By the time the first half ended, Duke had the shot advantage at 10-1 thanks not only to its possession advantage but to its speed. But in the second half, closer chances came for the Gamecocks, who returned from the locker room looking stronger than they had in the first 45 minutes.

South Carolina practically tied Duke in the second half with eight shots to the Blue Devils’ nine. And with impatience from the Gamecock faithful present in the form of loud shouts and screams, South Carolina ignited its offense. The visitors beat Duke in transition in the 59th minute, and Gamecock forward Catherine Barry fired a shot toward the goal that was deflected by a Blue Devil defender. Then, a foul by junior defender Emily Royson granted the Gamecocks a free kick, but it missed high of the goal. 

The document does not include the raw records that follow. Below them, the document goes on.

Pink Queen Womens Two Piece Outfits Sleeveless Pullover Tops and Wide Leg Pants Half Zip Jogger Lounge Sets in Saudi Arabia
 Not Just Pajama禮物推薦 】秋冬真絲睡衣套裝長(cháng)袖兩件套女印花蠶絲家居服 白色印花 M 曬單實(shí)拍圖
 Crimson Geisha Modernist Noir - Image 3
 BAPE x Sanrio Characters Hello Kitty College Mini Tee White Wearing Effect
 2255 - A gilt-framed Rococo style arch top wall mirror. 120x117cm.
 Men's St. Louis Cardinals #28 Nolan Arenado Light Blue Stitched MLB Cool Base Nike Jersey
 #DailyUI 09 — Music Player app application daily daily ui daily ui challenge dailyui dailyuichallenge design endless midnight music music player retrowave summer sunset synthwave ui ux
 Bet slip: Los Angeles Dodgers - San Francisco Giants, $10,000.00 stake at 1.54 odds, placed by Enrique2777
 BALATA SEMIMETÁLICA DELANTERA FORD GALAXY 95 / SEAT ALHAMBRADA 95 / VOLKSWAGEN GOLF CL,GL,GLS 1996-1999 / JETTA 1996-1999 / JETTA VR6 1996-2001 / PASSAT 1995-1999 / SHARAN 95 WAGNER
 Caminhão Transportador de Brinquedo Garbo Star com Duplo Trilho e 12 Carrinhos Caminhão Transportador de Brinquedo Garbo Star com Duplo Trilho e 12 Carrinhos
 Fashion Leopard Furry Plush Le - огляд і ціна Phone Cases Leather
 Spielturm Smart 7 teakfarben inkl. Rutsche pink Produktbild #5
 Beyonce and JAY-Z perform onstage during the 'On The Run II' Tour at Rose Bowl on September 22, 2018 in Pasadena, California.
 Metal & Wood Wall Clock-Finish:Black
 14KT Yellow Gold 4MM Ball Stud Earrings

Eventually, South Carolina did not leave Durham empty-handed. With 1:25 remaining, the Gamecocks got their first goal after an interception in transition. Gamecock senior Riane Coman passed to teammate Payton Patrick, who finished the opportunity. Though less than 90 seconds remained, South Carolina played until the end, but the Blue Devils would hold on until the horn blew in their favor.

“I think we’re just trying to keep the team calm and collected at that moment. Obviously, you never want to give up a goal, especially in the last three minutes of the game. But I think we all knew we could lock in at the moment, do the right things, do our jobs, get the ball to the corner, game management; we would be good,” said graduate student midfielder Mackenzie Pluck. “I had confidence in my team.”

With the win, the Blue Devils remain one of five prevailing ACC teams heading to the Elite Eight. Duke’s next challenge in its quest toward the College Cup has it traveling to Tuscaloosa, Ala., for a Friday matchup against No. 1-seed Alabama.